IBM, meanwhile, will provide details on a Power5 server chip that runs at speeds higher than 1.5GHz, and on a 2.5GHz PowerPC processor, a faster version of the chip currently found in machines from Apple Computer. Intel and Sun Microsystems will also discuss processor changes coming in the next few years.
Many of the conference papers--such as "CMOS Image Sensors Using Floating Diffusion Burled Photodiode" from Sony--sound like high-quality gobbledygook to the layperson. Still, the 51-year-old conference has been the launchpad for many computing breakthroughs. Papers that first described digital signal processors, or DSP (Bell Labs, 1980), RISC chips (UC Berkeley, Stanford, 1984), 100MHz processors (Intel, 1991) and 1GHz processors (Digital; Intel, 2000) were first presented at the conference.
Pass the chips
By contrast, the Intel Developer Forum, which takes place from Feb. 17 to 19, largely revolves around chips and other technology coming out of Intel and its allies and geared toward changing PCs, networking equipment, handhelds and servers.
Many announcements--such as the prototype notebooks and desktops that are unveiled at the conference--concern technology that starts to appear on shelves within a year or two.
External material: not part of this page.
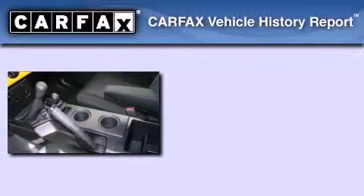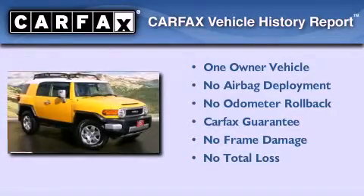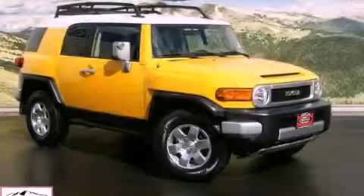This SUV has had only one owner, and it qualifies for the Carfax buyback guarantee. Contact us today and schedule your opportunity to see this vehicle in person.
Intel, however, also discusses inventions, such as sensor networks and carbon nanotubes, that might not appear for a decade. This year, for instance, Chief Technology Officer Pat Gelsinger will outline his vision for the "tera era" of computing, where computers with chips running in the terahertz range will search through terabytes of data for audio or video files. Search engines can find these now, but through text subtitles.
"Voice increases the complexity to an n squared," Gelsinger said of the future world of Internet searches.
Among the highlights, the company is expected to show off for the first time a Pentium-type chip that can handle 32-bit and 64-bit software, similar to the Opteron from rival Advanced Micro Devices, which will be holding briefings at hotels in the area at the same time.
CEO Craig Barrett, who is scheduled to deliver the keynote Tuesday, is also expected to discuss some of Intel's efforts in robotics, according to sources. Carnegie Mellon University professor Red Whittaker, who is managing the university's entrant for the DARPA Grand Challenge robotic-vehicle race, will make a presentation at the conference. Intel is a sponsor of the team.
• Details on a new type of NOR flash memory. Intel historically has been a leader in this type of flash, which is used to store applications on cell phones, but experts say major advances in design will be necessary to continue to increase performance. Intel recently signed a deal with Nanosys to license memory technology.
• A presentation on how Intel will implement wireless USB and ultrawideband (UWB) into products. An organization to promote wireless USB will also be sketched out.
• Reference platforms for PDAs and phones will be shown along with information about forthcoming digital home products. Late last year, Intel created a division in its desktop products group to promote the use of Intel silicon in consumer electronics devices. Efforts to bridge the divide between PC makers and entertainment companies will also likely come up.
• Anand Chandrasekher, vice president of the mobile products group, will likely give an update on Dothan, a version of the Pentium M for notebooks, coming in the second quarter, as well as information on chipset and notebook design changes that will appear in 2004.
• Sean Maloney, general manager of the company's communications unit, will outline how Intel is moving its communications chips to the 90-nanometer process, which promises cheaper, faster chips. Maloney will also likely discuss WiMax, the long-range wireless technology.
• Intel engineers will discuss the previously announced liquid crystal on silicon processor for large screen projection TVs, 1GHz silicon modulators for optical equipment and high-definition audio for desktops and laptops.